- **Directions**:
From the line containing "<b>Mercure Salzburg City" to the last line of the records below, retype every line exactly and output nothing else.

BEGIN Data to process

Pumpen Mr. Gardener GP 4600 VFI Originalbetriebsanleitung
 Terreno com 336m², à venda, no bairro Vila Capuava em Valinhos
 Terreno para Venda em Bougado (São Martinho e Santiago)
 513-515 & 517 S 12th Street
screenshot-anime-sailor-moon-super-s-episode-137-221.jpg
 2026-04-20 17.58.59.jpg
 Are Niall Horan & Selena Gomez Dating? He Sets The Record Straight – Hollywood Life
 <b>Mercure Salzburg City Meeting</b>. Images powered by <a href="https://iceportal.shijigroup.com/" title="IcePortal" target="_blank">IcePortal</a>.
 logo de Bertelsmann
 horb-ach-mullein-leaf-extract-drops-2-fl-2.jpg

END Data to process

- **Answer to the exercise**:
 <b>Mercure Salzburg City Meeting</b>. Images powered by <a href="https://iceportal.shijigroup.com/" title="IcePortal" target="_blank">IcePortal</a>.
 logo de Bertelsmann
 horb-ach-mullein-leaf-extract-drops-2-fl-2.jpg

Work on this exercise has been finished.